Pero la afirmación de que sin expropiación no habría desarrollo divide aguas. Un abogado especialista en energía, que pidió reserva de identidad, cuestionó: “Es una afirmación contrafáctica e insostenible. El carácter estatal de YPF no explica el desarrollo, que se dio por inversión, tecnología y disponibilidad de capital. Lo que hizo viable Loma Campana fue el acuerdo con Chevron. Cualquier accionista con recursos podría haber hecho lo mismo”.
Ese convenio con Chevron, firmado en 2013, fue la clave que permitió avanzar con la explotación masiva. Aun así, otros especialistas que participaron en aquella negociación conceden que la salida de Repsol —con quien el Estado acordó un resarcimiento de USD 5.000 millones en 2014— facilitó la asociación con multinacionales como Chevron, Petronas o Dow.

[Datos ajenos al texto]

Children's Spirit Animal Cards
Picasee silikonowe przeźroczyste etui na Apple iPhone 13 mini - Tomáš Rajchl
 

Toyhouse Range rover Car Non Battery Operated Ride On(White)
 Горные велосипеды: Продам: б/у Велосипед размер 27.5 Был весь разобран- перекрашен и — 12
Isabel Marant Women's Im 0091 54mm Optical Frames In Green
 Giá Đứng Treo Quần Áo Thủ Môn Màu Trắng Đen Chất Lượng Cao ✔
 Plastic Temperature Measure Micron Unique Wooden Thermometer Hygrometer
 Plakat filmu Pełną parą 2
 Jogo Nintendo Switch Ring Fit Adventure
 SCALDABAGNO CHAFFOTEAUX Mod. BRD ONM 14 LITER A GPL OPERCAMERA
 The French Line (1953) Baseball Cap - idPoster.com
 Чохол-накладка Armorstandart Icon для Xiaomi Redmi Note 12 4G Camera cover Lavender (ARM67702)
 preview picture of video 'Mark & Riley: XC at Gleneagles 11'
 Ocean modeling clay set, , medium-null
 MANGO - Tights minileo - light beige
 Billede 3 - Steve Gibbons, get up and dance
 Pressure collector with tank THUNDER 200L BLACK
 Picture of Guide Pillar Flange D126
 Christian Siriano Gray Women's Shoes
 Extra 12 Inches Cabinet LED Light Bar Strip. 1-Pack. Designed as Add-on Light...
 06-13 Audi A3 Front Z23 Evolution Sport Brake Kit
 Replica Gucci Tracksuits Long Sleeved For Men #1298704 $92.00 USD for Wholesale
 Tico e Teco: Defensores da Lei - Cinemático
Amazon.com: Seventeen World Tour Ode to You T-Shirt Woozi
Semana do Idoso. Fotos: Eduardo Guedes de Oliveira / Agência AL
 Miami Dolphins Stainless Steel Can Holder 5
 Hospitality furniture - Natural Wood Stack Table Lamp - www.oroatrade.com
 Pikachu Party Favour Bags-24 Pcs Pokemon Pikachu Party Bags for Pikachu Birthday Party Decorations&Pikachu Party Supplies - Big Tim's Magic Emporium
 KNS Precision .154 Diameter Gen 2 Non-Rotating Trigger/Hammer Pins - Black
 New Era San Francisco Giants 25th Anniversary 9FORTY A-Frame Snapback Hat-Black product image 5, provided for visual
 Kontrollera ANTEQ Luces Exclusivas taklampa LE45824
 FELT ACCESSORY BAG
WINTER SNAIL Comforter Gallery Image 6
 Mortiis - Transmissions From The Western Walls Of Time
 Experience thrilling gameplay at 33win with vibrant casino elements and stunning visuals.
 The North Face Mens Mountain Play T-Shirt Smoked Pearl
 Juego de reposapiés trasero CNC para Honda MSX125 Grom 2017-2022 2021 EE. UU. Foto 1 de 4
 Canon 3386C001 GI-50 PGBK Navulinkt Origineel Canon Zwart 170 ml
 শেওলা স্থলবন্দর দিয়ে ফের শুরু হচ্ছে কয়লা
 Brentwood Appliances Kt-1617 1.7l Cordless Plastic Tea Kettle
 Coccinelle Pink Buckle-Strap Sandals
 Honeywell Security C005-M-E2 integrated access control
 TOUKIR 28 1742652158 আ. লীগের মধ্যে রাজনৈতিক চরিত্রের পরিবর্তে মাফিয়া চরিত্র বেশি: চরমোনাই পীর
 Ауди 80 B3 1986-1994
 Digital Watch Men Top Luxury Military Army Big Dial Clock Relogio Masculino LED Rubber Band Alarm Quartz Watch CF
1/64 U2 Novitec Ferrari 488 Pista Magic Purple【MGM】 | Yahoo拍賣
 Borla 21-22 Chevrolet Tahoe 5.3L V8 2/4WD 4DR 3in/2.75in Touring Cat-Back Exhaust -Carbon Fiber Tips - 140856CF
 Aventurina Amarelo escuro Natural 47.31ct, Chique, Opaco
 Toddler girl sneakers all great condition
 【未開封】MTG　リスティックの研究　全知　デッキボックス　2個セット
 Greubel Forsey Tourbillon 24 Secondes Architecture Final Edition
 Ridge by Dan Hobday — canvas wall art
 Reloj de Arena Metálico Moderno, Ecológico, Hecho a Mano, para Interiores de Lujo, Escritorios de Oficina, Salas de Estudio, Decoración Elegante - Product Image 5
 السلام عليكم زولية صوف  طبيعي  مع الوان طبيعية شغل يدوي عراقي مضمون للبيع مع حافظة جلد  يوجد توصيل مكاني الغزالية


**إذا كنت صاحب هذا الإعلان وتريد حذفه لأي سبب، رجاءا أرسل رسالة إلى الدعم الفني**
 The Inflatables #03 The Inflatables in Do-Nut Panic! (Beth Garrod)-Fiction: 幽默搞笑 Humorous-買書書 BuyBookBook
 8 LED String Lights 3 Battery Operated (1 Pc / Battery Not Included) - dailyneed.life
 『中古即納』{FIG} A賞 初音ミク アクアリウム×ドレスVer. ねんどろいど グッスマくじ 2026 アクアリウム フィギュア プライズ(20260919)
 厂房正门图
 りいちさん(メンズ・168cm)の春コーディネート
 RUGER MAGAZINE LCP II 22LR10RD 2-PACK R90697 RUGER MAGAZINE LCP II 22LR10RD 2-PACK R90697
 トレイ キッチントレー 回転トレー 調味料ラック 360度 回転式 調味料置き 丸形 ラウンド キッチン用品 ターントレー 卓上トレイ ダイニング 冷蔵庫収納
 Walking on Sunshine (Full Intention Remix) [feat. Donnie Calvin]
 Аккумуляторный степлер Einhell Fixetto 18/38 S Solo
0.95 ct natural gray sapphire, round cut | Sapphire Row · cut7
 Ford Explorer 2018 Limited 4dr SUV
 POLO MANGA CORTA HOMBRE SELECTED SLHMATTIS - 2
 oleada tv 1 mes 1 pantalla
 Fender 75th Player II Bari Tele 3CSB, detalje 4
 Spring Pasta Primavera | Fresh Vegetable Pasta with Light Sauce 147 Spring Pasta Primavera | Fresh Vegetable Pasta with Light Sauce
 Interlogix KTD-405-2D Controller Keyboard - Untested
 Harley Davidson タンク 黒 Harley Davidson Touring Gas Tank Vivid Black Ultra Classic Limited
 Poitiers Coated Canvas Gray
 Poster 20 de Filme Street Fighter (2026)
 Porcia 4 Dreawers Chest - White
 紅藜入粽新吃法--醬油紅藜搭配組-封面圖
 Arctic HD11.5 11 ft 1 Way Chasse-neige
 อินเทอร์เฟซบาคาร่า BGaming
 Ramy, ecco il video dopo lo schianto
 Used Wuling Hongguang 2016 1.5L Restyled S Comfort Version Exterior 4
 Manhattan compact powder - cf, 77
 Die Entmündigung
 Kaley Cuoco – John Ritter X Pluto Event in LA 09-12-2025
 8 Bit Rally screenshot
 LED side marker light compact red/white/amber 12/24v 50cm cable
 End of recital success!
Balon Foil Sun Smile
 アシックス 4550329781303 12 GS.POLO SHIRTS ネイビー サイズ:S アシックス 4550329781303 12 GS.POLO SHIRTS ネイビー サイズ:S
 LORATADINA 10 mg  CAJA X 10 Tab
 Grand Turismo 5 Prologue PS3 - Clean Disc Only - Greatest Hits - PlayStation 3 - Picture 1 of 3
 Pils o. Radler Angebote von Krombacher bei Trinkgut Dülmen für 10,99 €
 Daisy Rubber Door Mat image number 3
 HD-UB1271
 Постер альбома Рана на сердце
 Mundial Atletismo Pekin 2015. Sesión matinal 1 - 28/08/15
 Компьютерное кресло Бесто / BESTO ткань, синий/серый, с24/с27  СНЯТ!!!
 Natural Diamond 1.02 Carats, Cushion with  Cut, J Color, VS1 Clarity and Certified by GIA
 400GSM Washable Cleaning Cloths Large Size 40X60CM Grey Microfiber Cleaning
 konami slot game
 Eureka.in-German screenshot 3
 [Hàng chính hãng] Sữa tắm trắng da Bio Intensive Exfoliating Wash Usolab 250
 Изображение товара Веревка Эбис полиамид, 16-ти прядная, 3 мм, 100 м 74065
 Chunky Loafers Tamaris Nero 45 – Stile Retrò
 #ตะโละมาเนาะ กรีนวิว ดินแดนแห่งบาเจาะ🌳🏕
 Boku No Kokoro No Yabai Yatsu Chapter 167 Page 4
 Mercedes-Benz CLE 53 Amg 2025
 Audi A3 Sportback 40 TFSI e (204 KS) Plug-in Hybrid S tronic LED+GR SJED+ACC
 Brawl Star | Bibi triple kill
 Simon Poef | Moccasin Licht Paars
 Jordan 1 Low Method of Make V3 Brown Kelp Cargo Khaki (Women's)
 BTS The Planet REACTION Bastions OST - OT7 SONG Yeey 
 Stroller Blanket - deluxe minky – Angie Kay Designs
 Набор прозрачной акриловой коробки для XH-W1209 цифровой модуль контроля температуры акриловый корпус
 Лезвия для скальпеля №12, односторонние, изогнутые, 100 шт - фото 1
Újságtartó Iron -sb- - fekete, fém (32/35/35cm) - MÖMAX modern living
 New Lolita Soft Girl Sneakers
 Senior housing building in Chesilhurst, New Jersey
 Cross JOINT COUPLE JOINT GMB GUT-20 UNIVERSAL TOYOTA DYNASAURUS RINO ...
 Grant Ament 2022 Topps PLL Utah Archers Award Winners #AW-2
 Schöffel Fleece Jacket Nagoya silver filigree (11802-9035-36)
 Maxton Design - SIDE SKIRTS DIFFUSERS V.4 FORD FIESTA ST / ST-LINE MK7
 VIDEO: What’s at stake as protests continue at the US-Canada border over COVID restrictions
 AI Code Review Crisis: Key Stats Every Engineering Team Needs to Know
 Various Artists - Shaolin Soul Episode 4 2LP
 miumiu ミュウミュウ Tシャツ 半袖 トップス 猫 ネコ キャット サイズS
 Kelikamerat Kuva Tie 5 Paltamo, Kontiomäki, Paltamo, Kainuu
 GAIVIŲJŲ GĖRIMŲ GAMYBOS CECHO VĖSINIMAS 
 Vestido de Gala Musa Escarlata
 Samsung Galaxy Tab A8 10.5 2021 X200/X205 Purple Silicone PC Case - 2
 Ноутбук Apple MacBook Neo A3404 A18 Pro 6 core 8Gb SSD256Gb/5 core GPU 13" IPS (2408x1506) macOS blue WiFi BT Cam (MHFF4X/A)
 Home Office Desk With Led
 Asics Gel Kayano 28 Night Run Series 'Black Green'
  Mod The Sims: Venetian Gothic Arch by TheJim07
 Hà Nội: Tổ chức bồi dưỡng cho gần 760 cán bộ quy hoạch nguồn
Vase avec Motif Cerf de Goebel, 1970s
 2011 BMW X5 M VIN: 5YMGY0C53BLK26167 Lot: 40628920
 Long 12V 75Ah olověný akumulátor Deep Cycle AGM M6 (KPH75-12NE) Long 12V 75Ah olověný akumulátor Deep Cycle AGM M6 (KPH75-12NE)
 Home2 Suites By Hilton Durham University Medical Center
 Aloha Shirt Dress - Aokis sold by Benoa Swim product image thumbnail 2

En contraposición, el desarrollo de shale en Estados Unidos —el único comparable en el mundo— ocurrió exclusivamente con empresas privadas. “No encontrará ni una pública”, señaló con énfasis un jurista del sector.
La historia de YPF incluye pasos previos también polémicos, como la “argentinización” de 2008, cuando el Grupo Petersen compró el 25% de la empresa con un esquema de dividendos que sirvió tanto para repagar el crédito como para que Repsol girara ganancias al exterior. Esa maniobra le permitió al CEO de Repsol, Antonio Brufau, ser premiado como el mejor empresario de España.
Para muchos expertos, el cepo cambiario y los precios controlados del kirchnerismo desincentivaban la producción petrolera. “Nadie quería invertir en Argentina. Solo después del acuerdo con Chevron y del pago a Repsol cambió el escenario”, recordó el petrofísico Juan Carlos Glorioso.
Fue recién a partir de 2013, bajo la conducción de Miguel Galuccio —ex Schlumberger—, cuando YPF empezó a implementar en Vaca Muerta perforaciones horizontales y fractura hidráulica en escala, apalancadas por deuda externa. Si bien el modelo permitió un salto productivo, también disparó el endeudamiento de la compañía.
Hoy, con Vaca Muerta consolidada como la segunda reserva mundial de gas no convencional y la cuarta de petróleo no convencional, el debate persiste: ¿fue la expropiación el puntapié necesario o solo una jugada política costosa?
Mientras se apela la sentencia de Preska, la política energética argentina vuelve a estar bajo la lupa, atrapada entre decisiones del pasado, desafíos judiciales del presente y el potencial estratégico del subsuelo patagónico.